Figure 4. Mean contribution in cents across generations in Experiment 2. Filled squares represent progenitor generations. Solid lines represent Series 1. Dashed lines represent Series 2. Dotted lines represent Series 3. Filled circles and X’s represent generations in which punishment was free.
6.2. Punishment
Figure 5 shows mean frequency of choosing to punish, ‘F(punish)’, across the 10 rounds plotted by generation. The meaning of symbols is the same as in Figure 4. Progenitor groups (filled squares) chose to punish at low frequencies, except for the progenitor in the third 2-cent punishment series. The pattern of initial decline followed by evolution was replicated. In Series 1 of 1-cent punishment, frequency fell to a low level after eight generations and then levelled off from Generation 10 onwards. The slope of a regression line fitted to Generations 10–15 was close to zero (0.03), and the mean across Generations 10–15 equalled 4.6. In the second series of 1-cent punishment, which began with a high frequency of punishing from the two free-punishment groups (filled circles, solid line), punishing fell to a low level at Generation 6 and then increased from there onwards.

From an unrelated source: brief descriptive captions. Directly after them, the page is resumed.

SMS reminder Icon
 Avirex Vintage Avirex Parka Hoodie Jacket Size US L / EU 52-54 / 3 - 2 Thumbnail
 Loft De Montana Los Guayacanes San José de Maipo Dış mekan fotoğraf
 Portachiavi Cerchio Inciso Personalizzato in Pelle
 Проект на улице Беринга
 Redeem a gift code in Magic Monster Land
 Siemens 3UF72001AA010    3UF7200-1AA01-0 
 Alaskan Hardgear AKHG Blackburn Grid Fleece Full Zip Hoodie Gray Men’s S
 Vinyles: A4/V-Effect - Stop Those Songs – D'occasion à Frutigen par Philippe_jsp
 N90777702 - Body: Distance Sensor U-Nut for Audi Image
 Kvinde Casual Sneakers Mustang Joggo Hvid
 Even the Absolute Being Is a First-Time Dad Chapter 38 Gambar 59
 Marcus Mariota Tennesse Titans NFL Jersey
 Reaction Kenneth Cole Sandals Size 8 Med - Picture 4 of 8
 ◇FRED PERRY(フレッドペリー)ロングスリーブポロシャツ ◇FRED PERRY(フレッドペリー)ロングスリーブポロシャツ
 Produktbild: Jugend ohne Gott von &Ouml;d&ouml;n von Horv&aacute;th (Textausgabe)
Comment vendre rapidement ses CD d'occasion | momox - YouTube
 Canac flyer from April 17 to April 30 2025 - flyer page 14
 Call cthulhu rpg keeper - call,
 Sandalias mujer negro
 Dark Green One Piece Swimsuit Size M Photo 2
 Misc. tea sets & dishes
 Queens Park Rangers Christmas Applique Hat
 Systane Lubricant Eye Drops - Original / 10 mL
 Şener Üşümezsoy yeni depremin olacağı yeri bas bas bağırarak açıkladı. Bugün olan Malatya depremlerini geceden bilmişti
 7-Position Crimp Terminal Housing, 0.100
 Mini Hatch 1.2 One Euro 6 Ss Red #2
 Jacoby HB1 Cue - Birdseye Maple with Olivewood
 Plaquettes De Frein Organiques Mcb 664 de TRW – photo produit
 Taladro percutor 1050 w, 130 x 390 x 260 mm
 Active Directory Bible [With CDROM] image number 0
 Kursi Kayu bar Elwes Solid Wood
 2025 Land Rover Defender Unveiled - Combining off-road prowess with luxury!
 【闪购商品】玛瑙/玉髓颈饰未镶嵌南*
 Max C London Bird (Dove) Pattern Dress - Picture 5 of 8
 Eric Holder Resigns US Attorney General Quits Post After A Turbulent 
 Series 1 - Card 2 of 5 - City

Figure 5. Mean number of participants choosing to punish across generations in Experiment 2. Symbols and lines as in Fig. 4.
When punishment cost 2 cents (middle graph), punishing fell to a low level and never increased beyond about 2–3 people punishing, but when punishment was free in the last two generations (X’s), punishing remained low in the first of these, which included five elders who neither punished nor advocated punishing, but jumped in the second generation. When punishment cost 5 cents (bottom graph), punishing increased for several generations, but then decreased to a low level, averaging around two people punishing.
Figure 6 shows graphs of the frequencies shown in Fig. 5 (top), 1-cent cost of punishing, beginning with the generation with the lowest frequency of punishing. In Series 1, punishing evolved and then levelled off at 4–5 people punishing. The mean of the last six generations is 4.6. Series 2, which was cut off by lack of participants after the COVID-19 pandemic, showed evolution across the last four generations, and the final frequency of punishing was 4 exactly.

Figure 6. Frequency of punishing across generations in Experiment 2 when punishment cost was 1 cent. Graphs begin with the generation with the lowest level of punishing in Fig. 5 (top).
7. Experiment 2 discussion
Experiment 2, with overlapping generations, replicated the results of Experiment 1, in which written advice played the role of transmission between generations. Figure 4 shows that contributions tended to be high with 1- and 2-cent punishment, but lower when punishing cost 5 cents. Figures 5 and 6 show that punishing only evolved clearly when punishing cost 1 cent – low, but not free – as in Experiment 1. Both methods of transmission across generations seemed to work to allow evolution of punishing across generations. Both experiments – all four replicates of 1-cent punishment – showed the same pattern of initial decline followed by evolution across generations.
7.1. Advice and messages
Frequency of advice urging to contribute remained high throughout both experiments, as earlier experiments found (Baum et al., Reference Baum, Paciotti, Richerson, Lubell and McElreath2012). This is not surprising, because both contributors and defectors benefit from increasing contributions. Frequency of advice about punishing in Experiment 1 and intragenerational messages in both experiments played roles in the resulting evolution of punishing. Figure 7 shows their effects in the 1-cent punishment conditions. Advice about punishing was more complex than advice about contributing, because some advice urged for punishing and some urged against punishing. Cooperators benefit from others punishing but defectors benefit from low rates of punishment. To capture this contradiction, we subtracted the advice not to punish from the advice to punish, thereby creating an index that may be called ‘net advice to punish’. The top left panel shows the net advice to punish across generations. Just as punishing decreased over several initial generations, so advice to punish also decreased. When it hit a minimum, advice then evolved along with the punishing itself. The results were mixed, however. In Series 2, advice increased and levelled off, as might be expected. In Series 1, advice rose, but then decreased again even though punishing itself was frequent (Fig. 3).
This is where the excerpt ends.